Early servers, attempted to do no buffering and simply aborted the link, causing
intrinsic reliability problems. I can't speak for the existing VMS and Ultrix
server's having not seen the code, but I believe that this is one of the
problems to which Monty is refering.
In extremely severe cases, it is possible that the server will exhaust it's
resources trying to buffer events locally, and thus hang. Until the dormant
program gets around to reading it's event queue, nothing can be done on the
server.
James
|
60.41 | %DECW-F-IPI-Insufficient programmer intelligence failure at ... | IAGO::SCHOELLER | Who's on first? | Mon Feb 13 1989 10:16 | 9 |
| re: .42
That is why we have been frequently reminded to not write progams that
disappear for a long time without check the event queue. A small amount
of intelligence on the part of the application developer prevents this
client from being punted.
Dick
|
60.42 | Look at what has come before | STAR::BRANDENBERG | Intelligence - just a good party trick? | Mon Feb 13 1989 11:30 | 71 |
|
re .40: Is it possible to write a hang-free server? If it is not
acceptible to drop a connection at the first sign of a hang, then
I believe it is impossible to write a *reliable*, hang-free server.
In previous replies (to which I will respond shortly) note how recovery
takes place: if a server write blocks, drop the client. Most
low-level networking protocols implement some sort of quota system
(windows or debit/credit or ... ) in the protocol itself. The X
protocol implements it in the operating system interface (if it doesn't
fit, kill the connection). This is one thing that must change if we
are to have a reliable server. There are at least two ways that this
can happen: either by changing the protocol and server semantics to
include a debit/credit system for server-to-client communication or
by changing them to allow unreliable delievery of events.
I'll consider the latter first.
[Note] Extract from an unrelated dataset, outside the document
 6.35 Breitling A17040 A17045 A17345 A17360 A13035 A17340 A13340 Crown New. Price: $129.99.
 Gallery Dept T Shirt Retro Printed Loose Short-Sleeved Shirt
In certain areas, the X server has
already made some movement in this direction. With the realization of
how large a load can be generated by mouse motion events, the designers
created a "motion history buffer" in the server. If we're generating
events too quickly, and the client allows, put motion events in this
buffer and report to the client, via events, that there is something
interesting in the motion history buffer. While this implementation is
along the lines of an infinite buffer approach, look at what they're
really doing:
1. Server attempts to send report and fails (or might fail).
2. Server stores state change (mouse motion).
3. Server reports to client availability of state change
(motionHints is non-zero or whatever).
4. Client synchronously requests report of state change
(getMotionHistoryBuffer).
Generalizing this and changing the implementation, would give a server
that doesn't *insist* on sending every single event and a chance at a
reliable, hang-free server.
Or, how about a debit/credit system? Xlib could piggyback event credit
values on requests. An initial maximum could be inferred from the
networking quotas and that particular networking interface. This still
implies a server that isn't required to send events or one that is able
to encapsulate state changes to be sent later. Another way is to
change the communication model to something along the lines of an RPC.
Asynchronous client requests could still be asynchronous but server
state changes (i.e. events) would be acquired mostly synchronously.
There might still be an event credit to retain interactivity if it is
shown to be necessary but Xlib calls such as XNextEvent would become
request/reply pairs. These are just some ideas, nothing has been tried
but I think these are interesting avenues to pursue.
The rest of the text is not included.